The dislike seemed to run both ways. Detective Willoughby had made his position clear on Corcoran and his feelings on outside companies getting involved in crime solving, which Ben assured her was the normal reaction.
But the detective also stared at her when he should have been looking at other things. Not in a sexual way. More as a sneer.
He put his hands on his hips. “Any reason someone would want to kill you?”
“We’re working on that,” Connor said.
That had the detective aiming his furious gaze in Connor’s direction. “I believe I explained to you that this is police business.”
“She’s one of us.” Ben delivered the words without blinking. He could barely stand up straight, but his steely gaze all but dared the detective to challenge.
Willoughby did anyway. “What does that mean?”
She wondered the same thing.
“We’ll protect her,” Connor said, backing up Ben.
The detective’s smirk rose to full wattage as he turned to face her again. “And who are you protecting exactly?”
Jocelyn felt the bottom drop out of her stomach. Slam right to the floor, taking most of her insides with it. The room buzzed and she would have gone down if Ben hadn’t grabbed her arm and leaned her against his warm body.
“What are you talking about?” she asked.
“Care to tell them, Ms. Raine?” The detective lifted an eyebrow.
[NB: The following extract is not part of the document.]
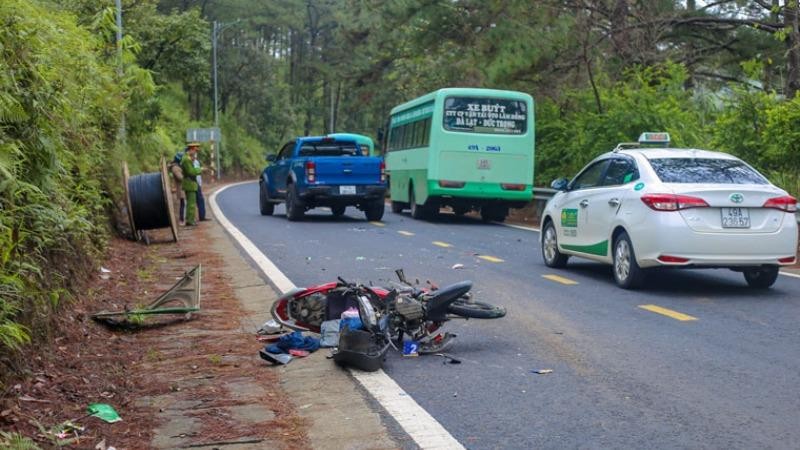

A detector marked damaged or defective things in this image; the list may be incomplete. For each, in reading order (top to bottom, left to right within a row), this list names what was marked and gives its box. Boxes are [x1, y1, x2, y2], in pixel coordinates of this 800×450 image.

crashed motorcycle [268, 270, 506, 370]
damaged motorcycle [270, 270, 506, 370]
The dare was there in his voice and his expression. “I’d call you by your real name, but I don’t know it.”
The bomb dropped. No one moved. Connor spared her a quick glance but Ben didn’t react at all to the cryptic information.
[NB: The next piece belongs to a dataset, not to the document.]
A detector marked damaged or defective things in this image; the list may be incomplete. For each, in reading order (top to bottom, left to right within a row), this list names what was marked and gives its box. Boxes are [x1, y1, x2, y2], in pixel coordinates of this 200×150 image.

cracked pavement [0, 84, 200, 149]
No way would she let this guy, this detective she didn’t know and who took far too much pleasure in her discomfort, set the terms for her reveal. The news was private and terrible and something she wanted to forget. It would not become a line in his report or something he could play with to try to get the upper hand.
She lifted her chin. “Jocelyn Raine is my real name.”
That wasn’t a lie. She’d changed it legally. A closed-door, filed-under-seal case in another county, but she’d gone through all the legal channels once she was guaranteed the information would be almost impossible to find.
“What did it used to be?” the detective asked.
And she knew the guarantee about privacy had been blown. If this guy knew, Ethan might know. The reality of what that meant sent a tremor of fear shaking through her bones.